Bahasa Melayu dari Kepulauan Riau untuk Indonesia; Tamadun yang Paling Membanggakan |
Bahasa Indonesia yang kini menjadi bahasa Nasional menjadi tamadun (peradaban) Kesultanan Riau-Lingga yang paling membanggakan.
Keistimewaan lainnya, bahasa Indonesia yang disumbangkan ini bukan semata-mata karya linguistik (ilmu bahasa) saja, tetapi juga karya-karya sastra.
Melalui pemikiran seorang keturunan bangsawan Kerajaan Riau-Lingga bernama Raja Ali Haji inilah lahirlah karya bahasa dan penulisan.
Salah satu karya bahasa yang juga menjadi biang dari bahasa Indonesia itu ada di dalam kamus monolingual sulung. Kamus tersebut masih bertuliskan aksara Arab-Melayu.
”Kini kita bisa membacanya dalam tulisan latin karena sudah diterjemahkan oleh R. Hamzah Yunus. Dengan judul bukunya Kitab Pengetahuan Bahasa,” kata Abdul Malik, kolomnis Budaya di Batam Pos.

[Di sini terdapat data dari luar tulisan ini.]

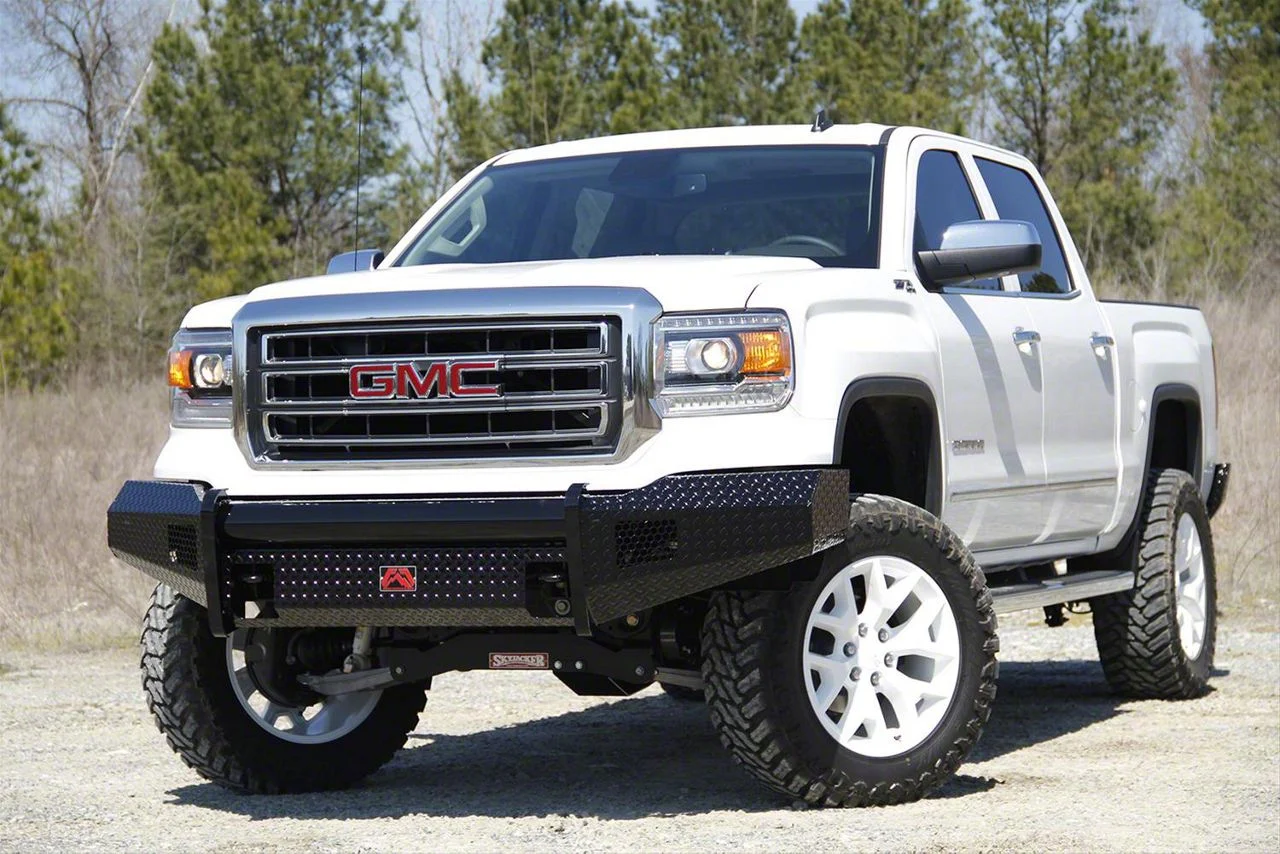 Fab Fours Black Steel Ranch Front Bumper with No Guard; Matte Black (07-13 Sierra 1500)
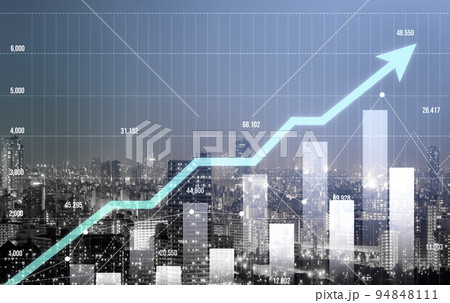 Digital screen and graph overlap modernistic cityscape for business concept. Digital screen and graph overlap modernistic cityscape for business concept. 94848111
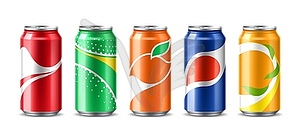 Realistic soda drink tin cans 3d mockups - vector clip art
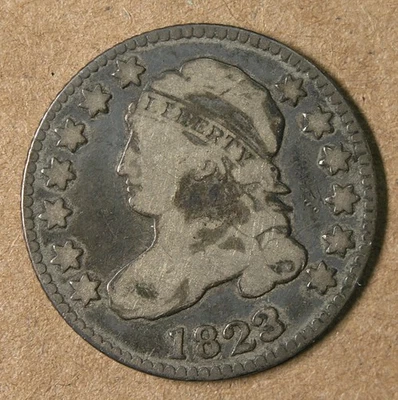 Монета номиналом 10 центов 1823/2 с большой крышкой E's VG-F РЕДКАЯ! * AvenueCoin - Изображение 1 из 2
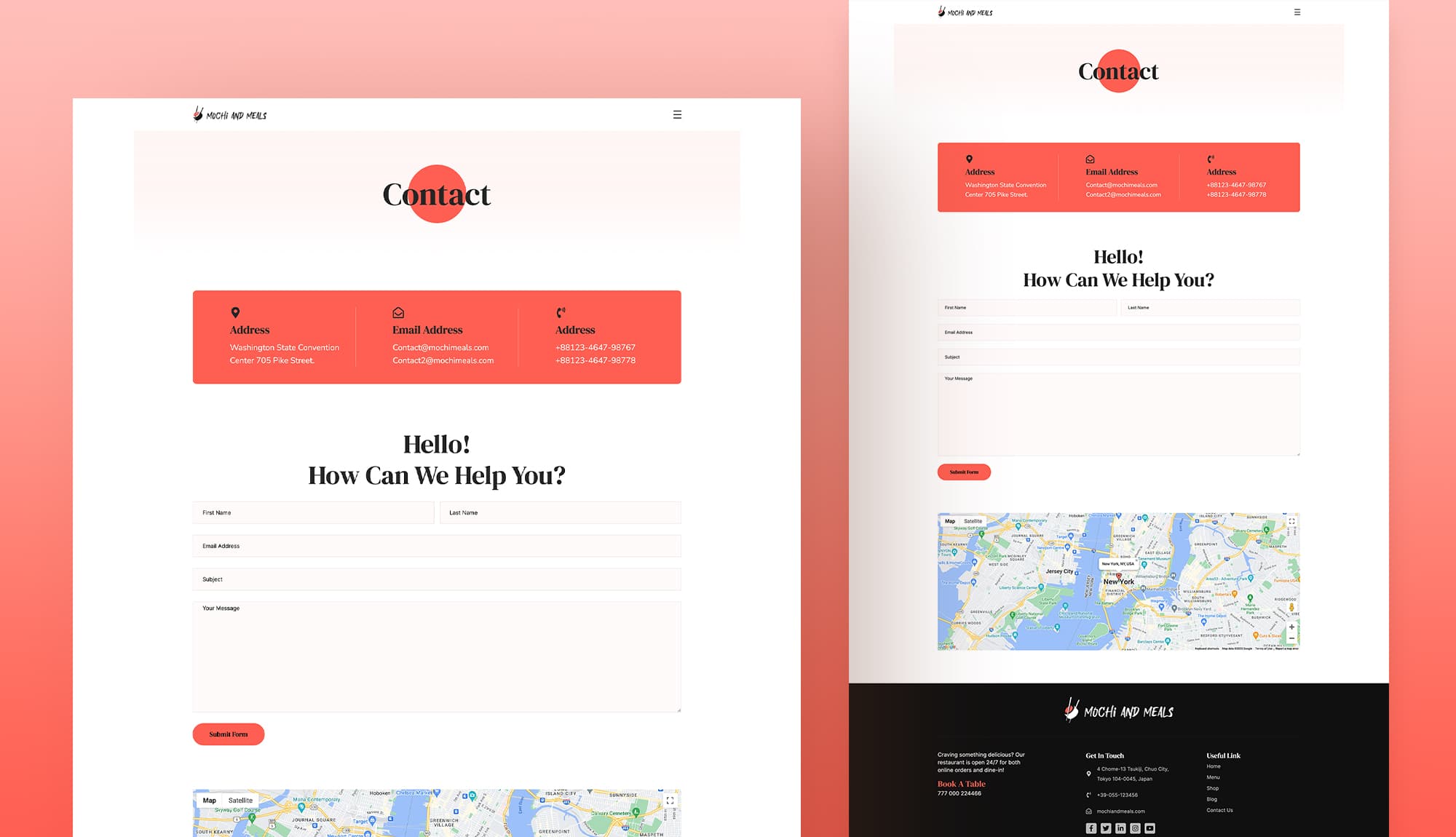 Mochi And Meals Contact Us Page For Gutenberg Banner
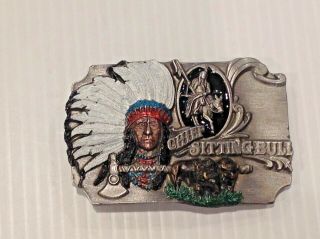 Chief Sitting Bull.  Vintage Belt Buckle.  1990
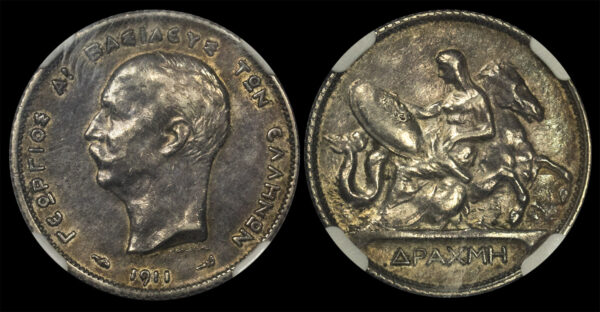 Greece 1 Drachmai 1911 Silver Coin NGC AU55 UNC PGC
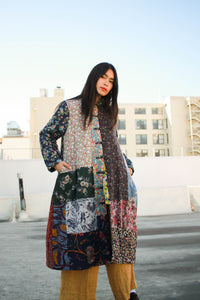 1990s Patchwork Quilted Long Coat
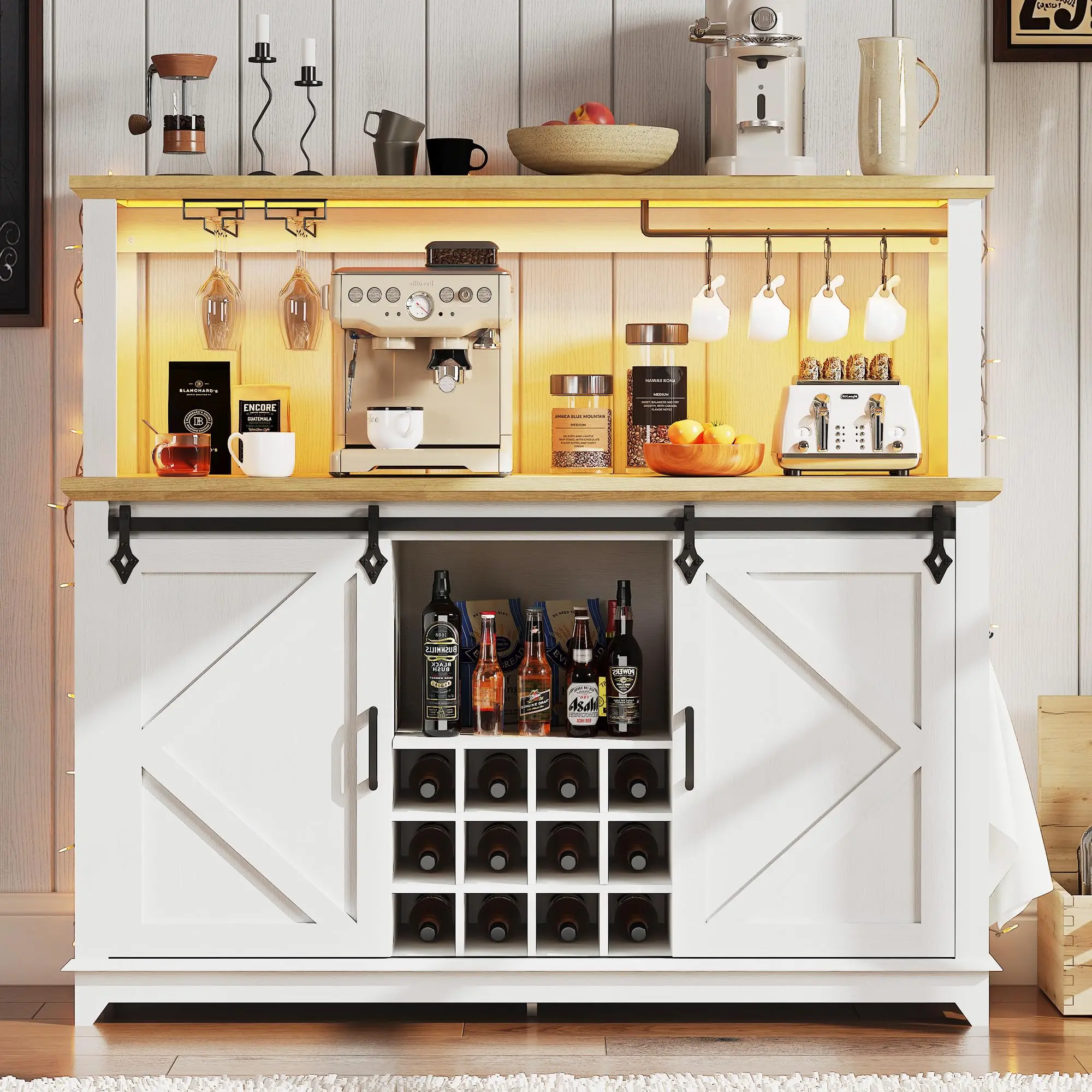 55 Inch Farmhouse Tall Coffee Bar Cabinet with LED, Power Outlet, Barn Door, Drawers & Wine Glass Rack Home Buffet Hutch sideboard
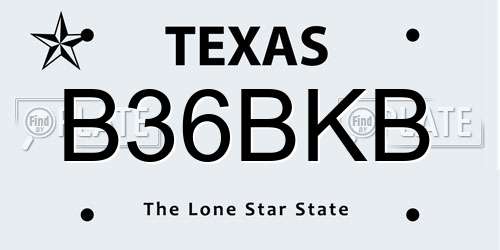 B36BKB Texas License Plate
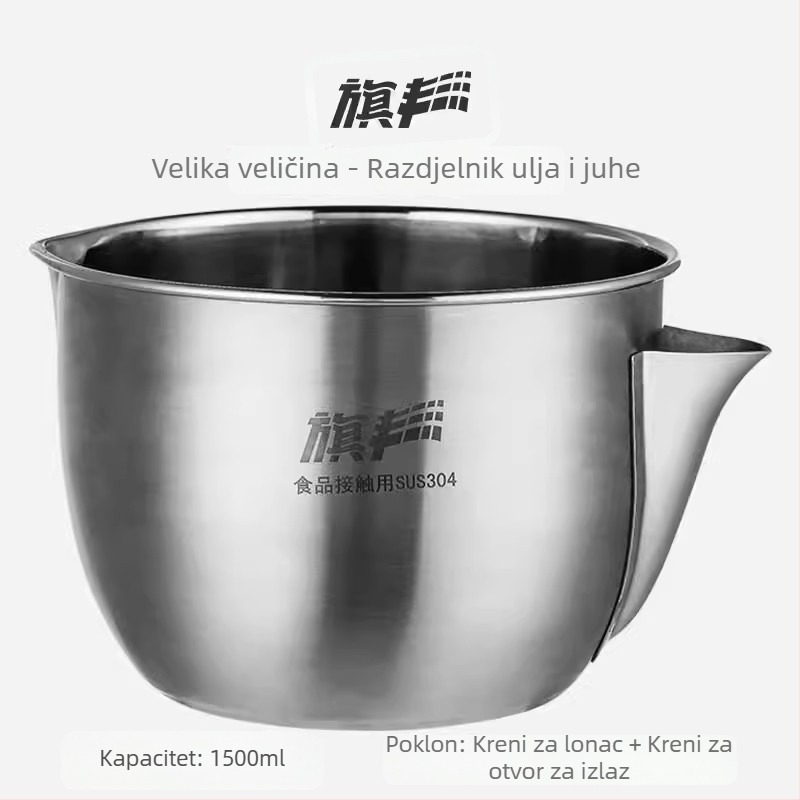 Separator ulja i juhe od nehrđajućeg čelika za kućnu kuhinju – filtriranje ulja, prozirna juha, japanski stil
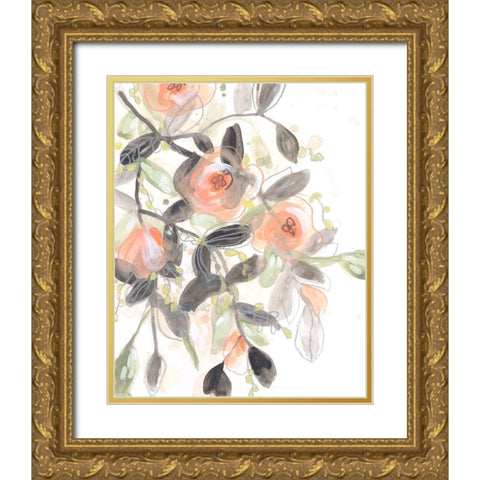 Sheer Blossoms II Gold Ornate Wood Framed Art Print with Double Matting by Vess, June Erica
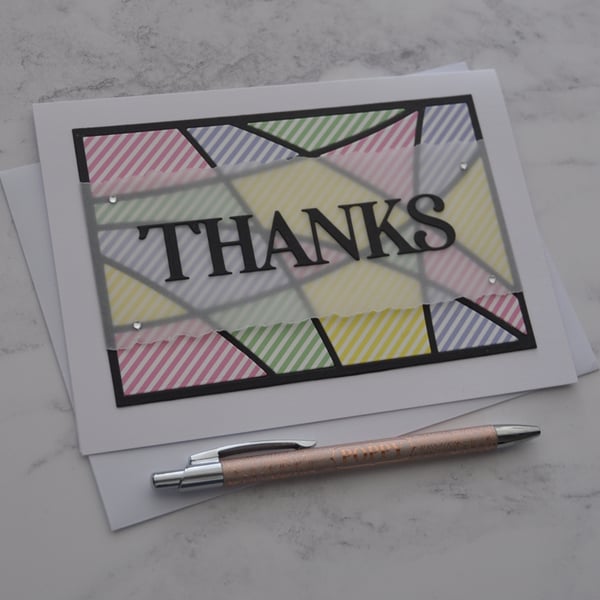 Thanks Card Thank You Card Modern Contemporary Stripes 3D Luxury Handmade Card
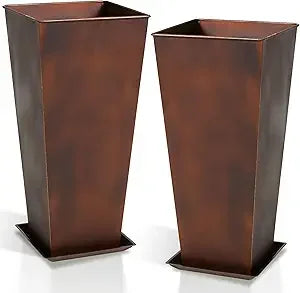 Worth Garden Glazed Metal Planter Set of Two Square Pots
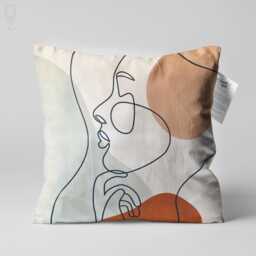Boho Abstract Face Chenille Pillow Case, Mid Century Modern Line Art Cushion Cover - thumbnail 1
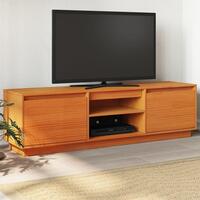 Tv-bord 140x35x40 cm massivt fyrretræ gyldenbrun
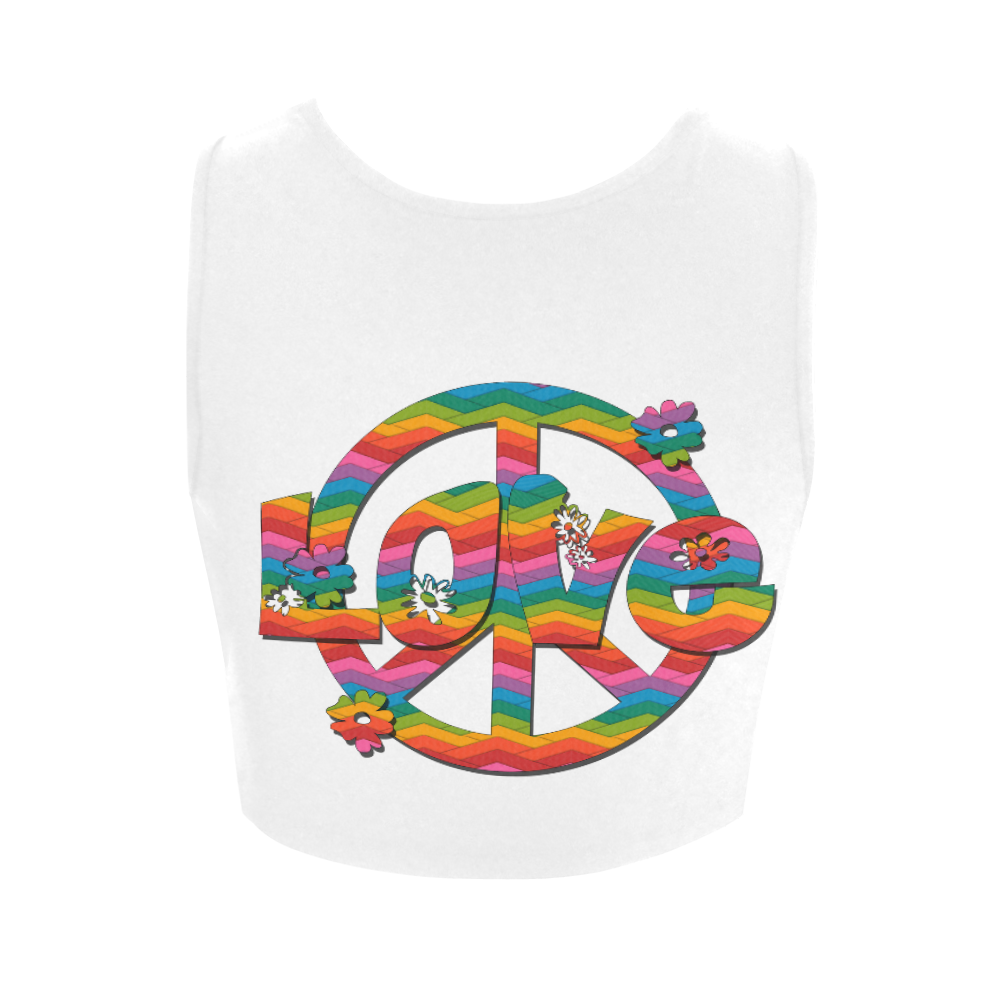 Colorful Love and Peace Women's Crop Top (Model T42)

Karya Raja Ali Haji yang lain, kata Abdul Malik yaitu Kamus Logat Melayu Johor, Pahang, Riau, dan Lingga yang juga ditransliterasi oleh R. Hamzah Yunus, dan diterbitkan oleh Bagian Proyek Penelitian dan Pengkajian Kebudayaan Melayu, Penelitian dan Pengkajian Nusantara, Departemen Pendidikan dan Kebudayaan, Pekanbaru tahun 1986/1987.
Satu lagi keunikan karya Raja Ali Haji yaitu Gurindam Dua Belas. Yang merupakan genre puisi tersendiri.
Raja Ali Haji juga menekankan bahwa tujuan pengkajian bahasa adalah ilmu untuk mencapai makrifat yakni mengenali Allah dan segala kewujudannya, memperteguh keimanan dan ketakwaan, serta mempertinggi adab-pekerti yang mulia.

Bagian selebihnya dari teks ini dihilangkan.